Colon Cancer Screening
Read this and then answer this question
First colonoscopy, at what age?
- The USPSTF recommends screening for colorectal cancer (CRC) using fecal occult blood testing, sigmoidoscopy, or colonoscopy, in adults, beginning at age 50 years and continuing until age 75 years. The risks and benefits of these screening methods vary.
Grade: A Recommendation.
- The USPSTF recommends against routine screening for colorectal cancer in adults age 76 to 85 years. There may be considerations that support colorectal cancer screening in an individual patient.
Grade: C Recommendation.
- The USPSTF recommends against screening for colorectal cancer in adults older than age 85 years.
Grade: D Recommendation.
- The USPSTF concludes that the evidence is insufficient to assess the benefits and harms of computed tomographic colonography and fecal DNA testing as screening modalities for colorectal cancer.
Grade: I Statement.
Fecal occult blood testing: Guaiac-based test with dietary restriction or a fecal immunochemical test (FIT) without dietary restriction.
- Patients with a positive test on any specimen should be followed up with colonoscopy.
- Guaiac-based test: sensitivity 26% to 69%
- FIT performs better, with a sensitivity of 66% to 90% and specificity over 90%.
- should be offered every 5 years
- combined with FOBT or FIT, the fecal test should be done first -> if it is positive, a complete colon exam would be indicated.
- The combination of flexible sigmoidoscopy and FOBT or FIT is preferred to either one alone.
- Should be offered every 10 years.
- It has been proven to detect twice as many significant adenomas and cancers as sigmoidoscopy in two large prospective studies in which half of all patients with advanced proximal neoplasms had no distal colonic findings on sigmoidoscopy that would have prompted referral for a complete colon exam.
American Cancer Society and the National Comprehensive Cancer Network list double-contrast barium enema as a screening option to be offered every 5 years.

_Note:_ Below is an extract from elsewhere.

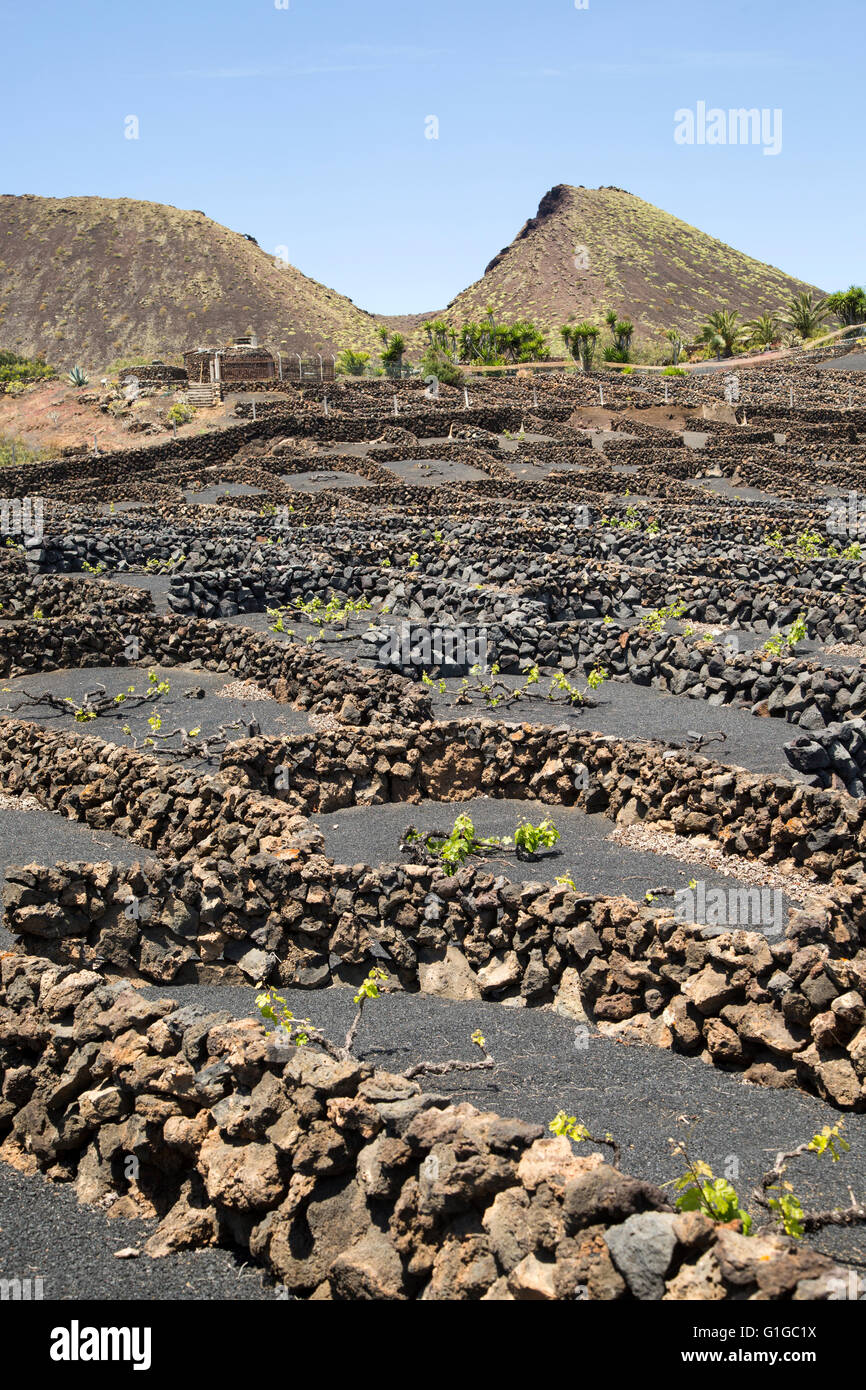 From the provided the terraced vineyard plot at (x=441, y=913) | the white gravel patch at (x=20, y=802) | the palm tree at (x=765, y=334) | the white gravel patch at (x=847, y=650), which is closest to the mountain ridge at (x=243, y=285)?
the palm tree at (x=765, y=334)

CT colonography not listed among any current screening guidelines
Screening Individuals with Moderately Increased Risk
Surveillance colonoscopy should be performed earlier and at more frequent intervals for patients who are at increased risk because they are African American, have been treated for colorectal cancer, have had an adenomatous polyp diagnosed, have a disease that predisposes them to colorectal cancer (e.g., IBD), or have a family history of colon polyps or cancer.NCCN adds to this list individuals with a history of endometrial or ovarian cancer before age 60.

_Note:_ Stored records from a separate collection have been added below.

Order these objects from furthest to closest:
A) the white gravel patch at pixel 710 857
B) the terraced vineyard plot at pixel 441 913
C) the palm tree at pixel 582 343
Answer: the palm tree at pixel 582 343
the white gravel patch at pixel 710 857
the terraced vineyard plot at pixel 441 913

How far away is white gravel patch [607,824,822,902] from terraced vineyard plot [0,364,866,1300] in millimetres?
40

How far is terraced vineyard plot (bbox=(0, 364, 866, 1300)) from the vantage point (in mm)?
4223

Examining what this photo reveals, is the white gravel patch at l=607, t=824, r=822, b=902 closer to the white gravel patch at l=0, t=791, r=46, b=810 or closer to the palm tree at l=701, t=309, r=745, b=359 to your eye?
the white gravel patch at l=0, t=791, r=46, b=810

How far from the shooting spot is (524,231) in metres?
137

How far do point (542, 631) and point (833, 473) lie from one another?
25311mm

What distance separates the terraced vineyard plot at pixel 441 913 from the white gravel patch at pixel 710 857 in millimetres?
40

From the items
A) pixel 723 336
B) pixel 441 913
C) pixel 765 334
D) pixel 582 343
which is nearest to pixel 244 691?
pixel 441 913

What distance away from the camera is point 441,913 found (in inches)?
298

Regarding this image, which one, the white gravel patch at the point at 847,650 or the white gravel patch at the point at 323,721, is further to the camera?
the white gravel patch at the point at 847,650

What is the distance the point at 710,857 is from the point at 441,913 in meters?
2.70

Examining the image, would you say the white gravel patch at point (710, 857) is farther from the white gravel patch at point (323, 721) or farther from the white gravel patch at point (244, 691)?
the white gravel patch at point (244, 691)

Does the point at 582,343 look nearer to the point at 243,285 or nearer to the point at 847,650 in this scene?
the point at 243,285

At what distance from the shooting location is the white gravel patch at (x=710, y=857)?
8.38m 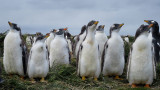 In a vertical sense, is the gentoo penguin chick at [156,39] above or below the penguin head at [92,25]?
below

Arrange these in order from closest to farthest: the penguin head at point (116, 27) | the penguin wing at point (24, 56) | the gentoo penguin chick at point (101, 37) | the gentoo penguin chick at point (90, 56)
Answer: the gentoo penguin chick at point (90, 56) < the penguin wing at point (24, 56) < the penguin head at point (116, 27) < the gentoo penguin chick at point (101, 37)

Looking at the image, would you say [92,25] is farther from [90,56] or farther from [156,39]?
[156,39]

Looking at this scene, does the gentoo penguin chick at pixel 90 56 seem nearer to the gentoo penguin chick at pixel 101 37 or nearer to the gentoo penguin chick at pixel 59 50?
the gentoo penguin chick at pixel 59 50

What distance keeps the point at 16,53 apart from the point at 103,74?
311 cm

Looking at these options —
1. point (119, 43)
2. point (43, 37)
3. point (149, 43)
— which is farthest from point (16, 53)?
point (149, 43)

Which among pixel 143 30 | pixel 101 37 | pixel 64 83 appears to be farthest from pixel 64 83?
pixel 101 37

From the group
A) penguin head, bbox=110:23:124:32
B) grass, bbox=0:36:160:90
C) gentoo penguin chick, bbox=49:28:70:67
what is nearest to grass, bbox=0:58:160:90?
grass, bbox=0:36:160:90

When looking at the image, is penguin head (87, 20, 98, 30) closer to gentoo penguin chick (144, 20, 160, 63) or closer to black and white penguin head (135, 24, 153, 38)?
black and white penguin head (135, 24, 153, 38)

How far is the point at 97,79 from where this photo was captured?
7977mm

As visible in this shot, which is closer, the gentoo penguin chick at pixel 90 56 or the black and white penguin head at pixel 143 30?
the black and white penguin head at pixel 143 30

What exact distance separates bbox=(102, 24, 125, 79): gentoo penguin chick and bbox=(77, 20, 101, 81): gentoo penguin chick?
0.78m

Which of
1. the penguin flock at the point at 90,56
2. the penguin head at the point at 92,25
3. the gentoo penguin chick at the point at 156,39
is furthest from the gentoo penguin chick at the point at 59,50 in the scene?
the gentoo penguin chick at the point at 156,39

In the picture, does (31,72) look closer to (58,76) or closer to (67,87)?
(58,76)

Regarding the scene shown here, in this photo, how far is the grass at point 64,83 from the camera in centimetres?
637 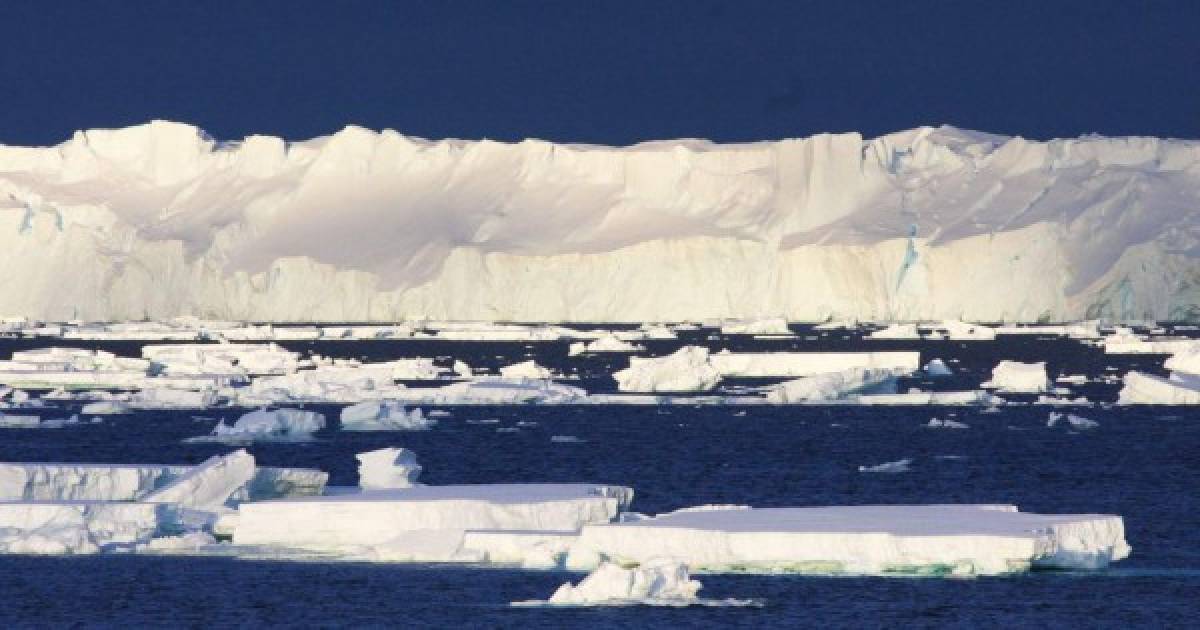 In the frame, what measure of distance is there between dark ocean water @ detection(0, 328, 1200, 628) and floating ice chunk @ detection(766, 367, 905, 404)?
0.44 meters

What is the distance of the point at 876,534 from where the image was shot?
17.7 meters

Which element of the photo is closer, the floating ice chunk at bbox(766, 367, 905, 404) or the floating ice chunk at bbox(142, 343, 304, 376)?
the floating ice chunk at bbox(766, 367, 905, 404)

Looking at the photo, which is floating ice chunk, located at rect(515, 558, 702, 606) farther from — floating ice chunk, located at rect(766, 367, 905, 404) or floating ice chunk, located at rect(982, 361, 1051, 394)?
floating ice chunk, located at rect(982, 361, 1051, 394)

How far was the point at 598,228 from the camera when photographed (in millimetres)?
89188

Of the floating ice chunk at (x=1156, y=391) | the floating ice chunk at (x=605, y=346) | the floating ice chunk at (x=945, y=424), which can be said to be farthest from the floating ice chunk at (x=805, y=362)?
the floating ice chunk at (x=605, y=346)

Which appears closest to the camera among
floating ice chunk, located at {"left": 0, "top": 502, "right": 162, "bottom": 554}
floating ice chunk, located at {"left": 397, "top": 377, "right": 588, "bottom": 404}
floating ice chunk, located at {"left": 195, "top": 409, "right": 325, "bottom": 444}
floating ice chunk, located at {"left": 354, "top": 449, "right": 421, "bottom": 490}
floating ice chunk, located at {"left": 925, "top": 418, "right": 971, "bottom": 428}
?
floating ice chunk, located at {"left": 0, "top": 502, "right": 162, "bottom": 554}

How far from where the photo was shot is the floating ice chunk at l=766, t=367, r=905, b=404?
135 feet

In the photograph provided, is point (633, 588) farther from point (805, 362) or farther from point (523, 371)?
point (805, 362)

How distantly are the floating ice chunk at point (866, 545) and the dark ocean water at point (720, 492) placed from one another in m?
0.23

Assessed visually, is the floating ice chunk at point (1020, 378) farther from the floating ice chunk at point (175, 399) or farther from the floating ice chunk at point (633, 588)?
the floating ice chunk at point (633, 588)

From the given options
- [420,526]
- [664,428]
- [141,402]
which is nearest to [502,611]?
[420,526]

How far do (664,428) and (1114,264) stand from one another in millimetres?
36948

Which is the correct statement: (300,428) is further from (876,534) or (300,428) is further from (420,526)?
(876,534)

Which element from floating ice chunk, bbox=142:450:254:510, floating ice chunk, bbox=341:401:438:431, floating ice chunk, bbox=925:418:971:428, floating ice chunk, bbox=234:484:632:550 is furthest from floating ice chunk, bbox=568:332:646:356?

Individuals with a first-degree relative affected with colon cancer, an adenoma before age 60 years, or two or more first-degree relatives affected by colon cancer at any age should have colonoscopy every five years beginning at age 40 or 10 years younger than the earliest diagnosis in the family, whichever comes first.Those with a personal history of IBD should begin colonoscopy screening with biopsies 8 to 10 years after onset of symptoms. Screening should be repeated every 1 to 2 years. African Americans should begin screening at age 45 rather than 50 and, because of the prevalence of proximal bowel lesions in this population, should undergo colonoscopy.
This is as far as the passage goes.